第53話

 アナベルにきっぱりとブローチを受け取ることを拒絶されたエミリオ様が驚いて反応できずにいる間に、私たちはまんまとその場から抜け出すことに成功していた。ちょうど別の授業を受けていた新入生の一団とも合流出来て、私に強引に声をかけにくくなったことも幸運だった。


「それにしても、魔法具というのは知れば知るほどに興味深いものですね」


 サリスさんは心底楽しそうに言う。

 彼も私たちと同じく今期の新入生だ。平民出身のサリスさんは、自分で働いて稼いだお金で学びなおすことを志してここに来た男性。私よりも3才ほど年上、アナベルと同じくらいの年齢だった。彼は、魔力がなくても安全に使える魔法具というものを作りたいらしい。サリスさんは、魔法の才だけではなくて職人系のスキルもいくつか持っているそうで「魔法具職人を目指しています」と自己紹介された時には、そういうこともここでは学べるのか、と衝撃を受けた。

 魔導師として冒険者になりたい人、商売に活用できないかと思っている人、研究者になりたい人。身分も年齢も思想も様々な人が自分たちの将来の夢について語り合っている食堂やテラスは、知識はあっても実際に知っているのは狭い世界だけだった私にとって、生の世界を体験できる非常に面白い場所だった。

 

 魔法具の使い方講座終わり、きっとまた談話室への勧誘があるのだろうと憂鬱になっていたところに、担当の先生から「アレク先生が呼んでましたよ」と呼び止められた。
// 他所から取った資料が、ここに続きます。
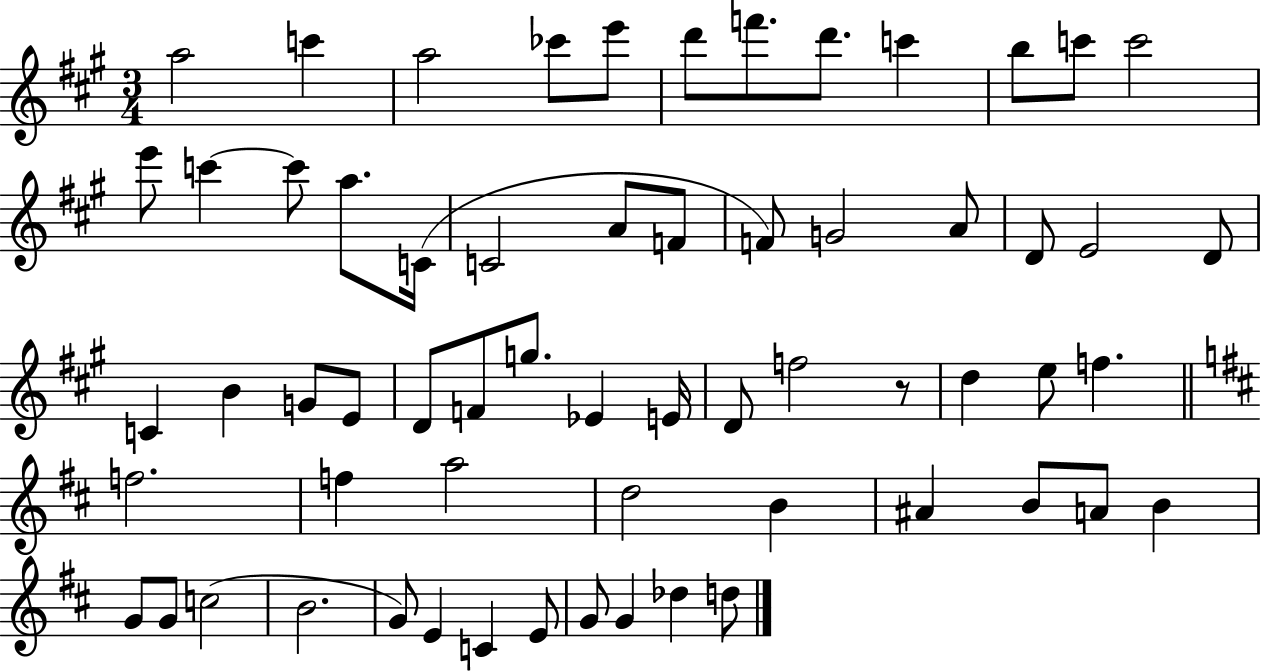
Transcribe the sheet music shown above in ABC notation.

X:1
T:Untitled
M:3/4
L:1/4
K:A
a2 c' a2 _c'/2 e'/2 d'/2 f'/2 d'/2 c' b/2 c'/2 c'2 e'/2 c' c'/2 a/2 C/4 C2 A/2 F/2 F/2 G2 A/2 D/2 E2 D/2 C B G/2 E/2 D/2 F/2 g/2 _E E/4 D/2 f2 z/2 d e/2 f f2 f a2 d2 B ^A B/2 A/2 B G/2 G/2 c2 B2 G/2 E C E/2 G/2 G _d d/2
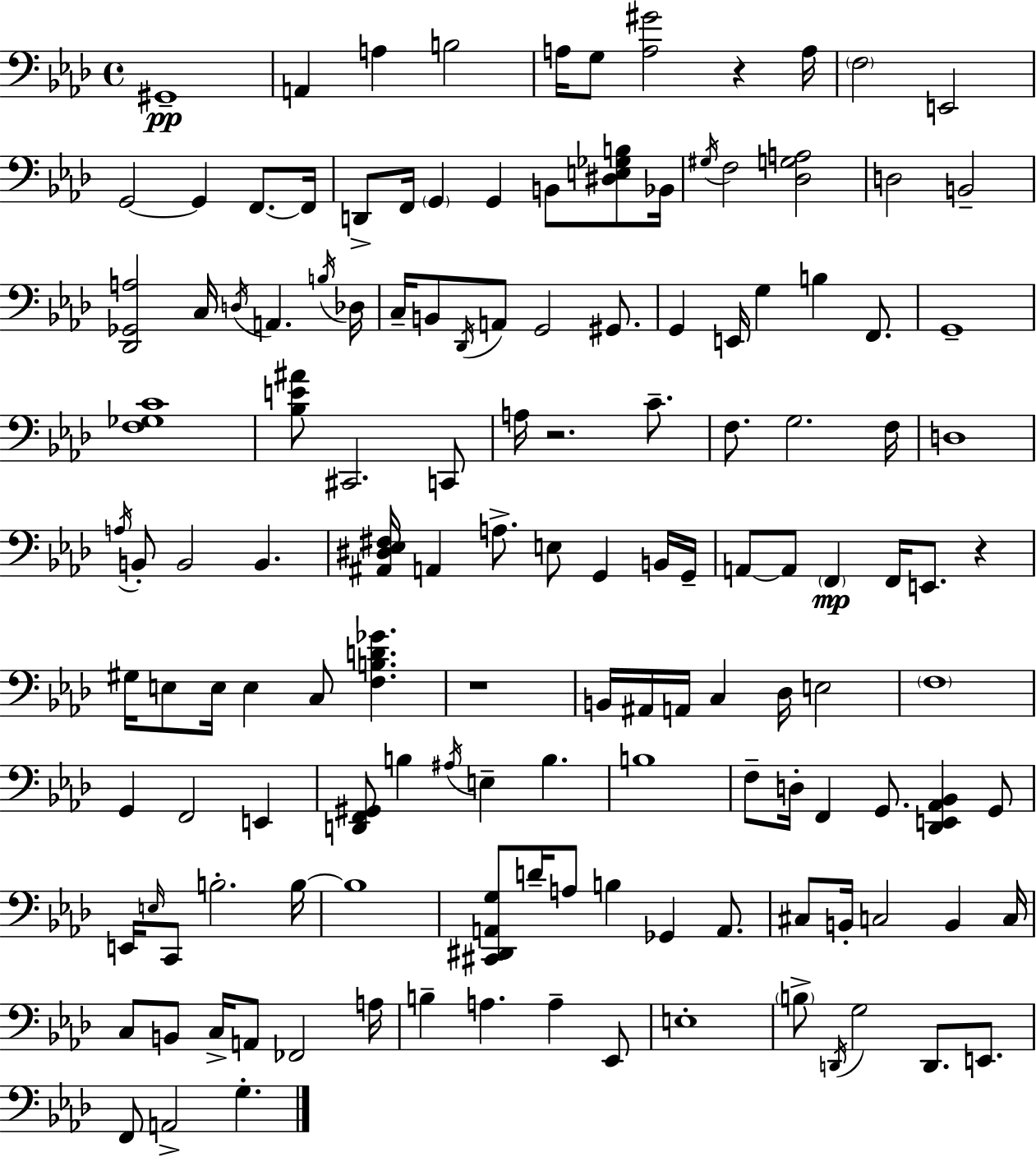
G#2/w A2/q A3/q B3/h A3/s G3/e [A3,G#4]/h R/q A3/s F3/h E2/h G2/h G2/q F2/e. F2/s D2/e F2/s G2/q G2/q B2/e [D#3,E3,Gb3,B3]/e Bb2/s G#3/s F3/h [Db3,G3,A3]/h D3/h B2/h [Db2,Gb2,A3]/h C3/s D3/s A2/q. B3/s Db3/s C3/s B2/e Db2/s A2/e G2/h G#2/e. G2/q E2/s G3/q B3/q F2/e. G2/w [F3,Gb3,C4]/w [Bb3,E4,A#4]/e C#2/h. C2/e A3/s R/h. C4/e. F3/e. G3/h. F3/s D3/w A3/s B2/e B2/h B2/q. [A#2,D#3,Eb3,F#3]/s A2/q A3/e. E3/e G2/q B2/s G2/s A2/e A2/e F2/q F2/s E2/e. R/q G#3/s E3/e E3/s E3/q C3/e [F3,B3,D4,Gb4]/q. R/w B2/s A#2/s A2/s C3/q Db3/s E3/h F3/w G2/q F2/h E2/q [D2,F2,G#2]/e B3/q A#3/s E3/q B3/q. B3/w F3/e D3/s F2/q G2/e. [Db2,E2,Ab2,Bb2]/q G2/e E2/s E3/s C2/e B3/h. B3/s B3/w [C#2,D#2,A2,G3]/e D4/s A3/e B3/q Gb2/q A2/e. C#3/e B2/s C3/h B2/q C3/s C3/e B2/e C3/s A2/e FES2/h A3/s B3/q A3/q. A3/q Eb2/e E3/w B3/e D2/s G3/h D2/e. E2/e. F2/e A2/h G3/q.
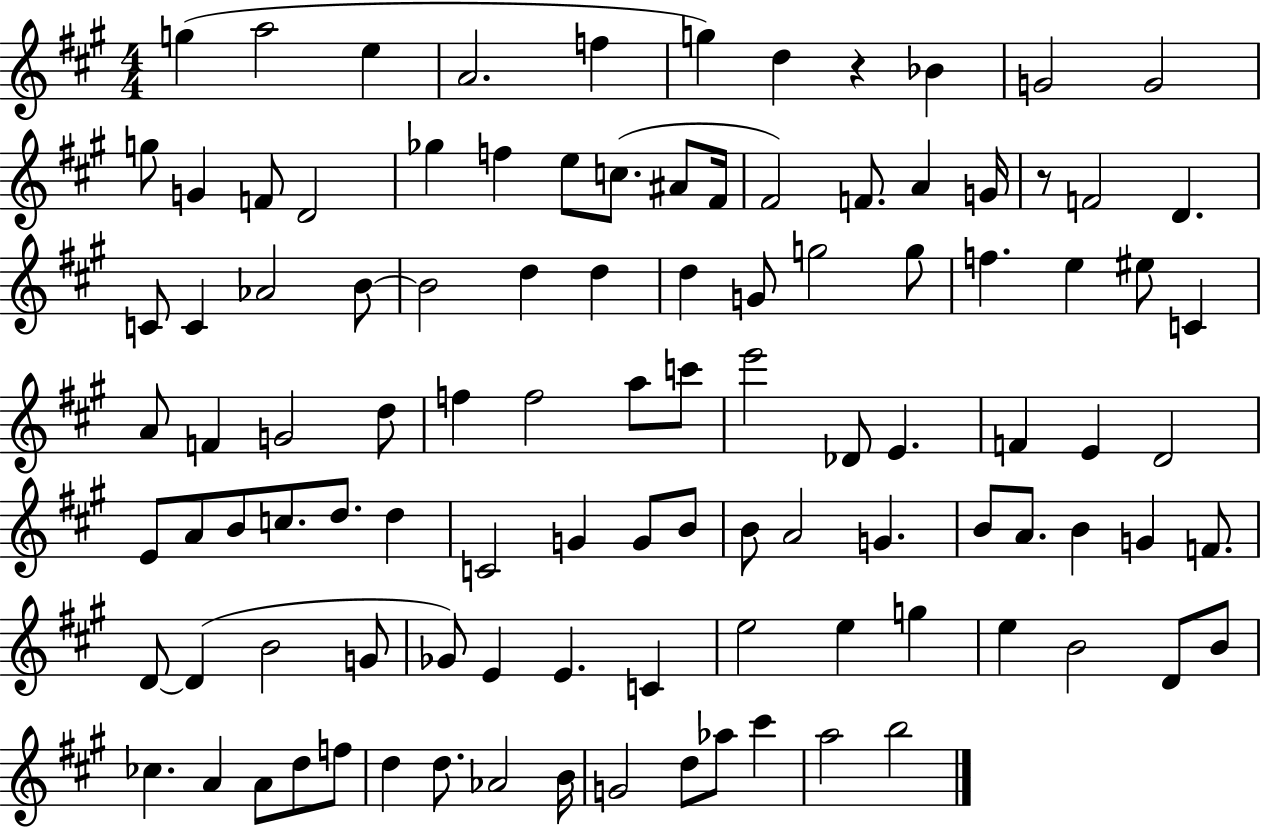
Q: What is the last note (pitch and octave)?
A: B5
どのような要件かは聞いていないということで、どのくらい時間がかかるかもわからなかった。

 アナベルにテラスに行かれないことを謝って先生と一緒にアレク先生の部屋に向かう。廊下でこちらをなにか言いたげに見ているオリバー様を見かけたので、無視するのも感じが悪いと軽く会釈だけして通り過ぎた。

 アレク先生の部屋の扉をノックするとすぐに返事があった。魔法具講座の先生がわざわざここまで同行してくれたのはエミリオ様たちの勧誘を避けられるようにだったようで、そのような気遣いに感謝を表してから部屋に入れば、アレク先生は窓際でポットを手にしていた。


「お呼び立てして申し訳ありません、ベアトリス嬢」

「いいえ。それで、どのようなお話でしょうか」

「どうぞ掛けてください」


 お茶を出してくれるところを見ると、すぐに話は終わらないのだろう。素直に腰掛けると、アレク先生は自分の机の自分の椅子に腰を下ろす。


「単刀直入にお話しますね。ベアトリス嬢は想像以上に呑み込みが早いのと、魔力のコントロールがとてもお上手です。また、あなたが精霊たちから与えられている契約や加護はほかのものに与えられているものとは格が違うようです。気付いていますか?」


 いいえ、と首を横に振ると、石板を取り出すように言われる。


「ここにその証拠があります」


 加護を与えている精霊の名前が書かれていますね、と彼が指差した部分は、ツタのようにしか見えなかった。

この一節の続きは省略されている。